No, it actually did agitate okay there. I just prefer the impeller as it is gentler, and has more blooming. If I have bulky items I’d use the agitator, and small loads for the impeller. IMO, I’d just get an impeller machine.
This Looks really old fashioned 😂, here in germany you will Not find such a washing machine, is this really efficient in using water and Energy? Is Miele known in the u.s.? Here you say , once Miele , always miele. These washers Are quite explensive , but super in all Kind of ways.
I just got a whirlpool from a customer Lowe's has it for $998 they decided to go with a different brand because the lid latch mechanism broke so I was just going to fix it and get rid of it you wouldn't happen to live around Lake Tahoe would you and still need a washer? 0:57
@@MichaelLeo-wp7wkI appreciate it but I'm in NJ. We got it a couple weeks ago and it wasn't super noisy at all. Once we put some rubber insulators under the feet it's whisper quiet. We're actually having a bigger issue telling when the load is done because it's not noisy.

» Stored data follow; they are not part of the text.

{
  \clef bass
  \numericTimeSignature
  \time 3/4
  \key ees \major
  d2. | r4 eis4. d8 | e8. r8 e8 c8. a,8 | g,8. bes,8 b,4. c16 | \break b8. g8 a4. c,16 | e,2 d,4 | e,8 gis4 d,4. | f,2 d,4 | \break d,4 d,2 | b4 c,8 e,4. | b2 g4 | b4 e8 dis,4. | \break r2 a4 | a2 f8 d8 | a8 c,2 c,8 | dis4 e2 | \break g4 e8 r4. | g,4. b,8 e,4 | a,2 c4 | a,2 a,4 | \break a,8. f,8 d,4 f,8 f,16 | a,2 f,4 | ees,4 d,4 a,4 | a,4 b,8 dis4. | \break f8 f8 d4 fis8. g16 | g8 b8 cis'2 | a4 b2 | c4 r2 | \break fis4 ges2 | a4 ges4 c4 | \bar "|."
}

Thank god 90% of washing machines here in the uk and across the rest of Europe are front loaders, I would not be impressed with this machine Also I’d never put something dark or red in with light colours or light colours and darks in a whites wash
Thanks, Ben. Great Video. We just bought this washer. One issue we are facing is after the first wash/drain, the washer just sprays water on the clothes and spins/drains and continues doing that. It does not fill the tub with water completely or even a little bit. It just sprays. We tried the quick wash and even the normal wash cycle with deep fill. Same result. Any idea what could be wrong? Or does the washer seem to be faulty? Thanks.
@@cyxutry this cycle - Select quick wash --> select water temp --> press extra rinse --> press deep water ---> press 30 min pre soak --> start the cycle. I find this offers the best full tub soak and rinse in the shortest possible time. The spray rinse still keeps going on but the entire tub is soaked so it's fine. hope this helps
Minimal rollover. The clothes closer to the impeller fins at the bottom are getting washed the ones on top are just floating. I would say if a dual agitator was used it would have a much better rollover. Think it has a better bloom rollover without the pole.

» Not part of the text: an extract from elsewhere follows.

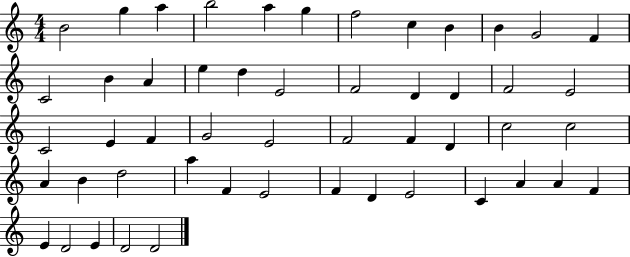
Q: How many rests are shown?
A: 0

Ben could you tell us about how much electric this uses in total? More or less? Like how many watts did it burn up from beginning to end? Maybe a stupid question or worded the wrong way, sorry.
@@DylBuilder1 Sorry, I don't understand much about that. So it would be like a 200 WATT Bulb running for the duration of all the cycles? Did I get that right?
In the event that I need to move back to the US I pray I can find a top loading, large capacity washing machine without all the bells and whistles and a dryer of the same ilk. This is over engineering at it's finest.
What exactly does the fabric softener option do, if there isn't a dispenser for fabric softener? I hear from someone selecting it dispenses slightly more water? Or does it change the operations of the cycle some other way?
I had a maytag similar to thus one it wasan,t nothing but a piece of junk now I have a speed queen it cost me over 1,200$ but I haven,t had not one single problem.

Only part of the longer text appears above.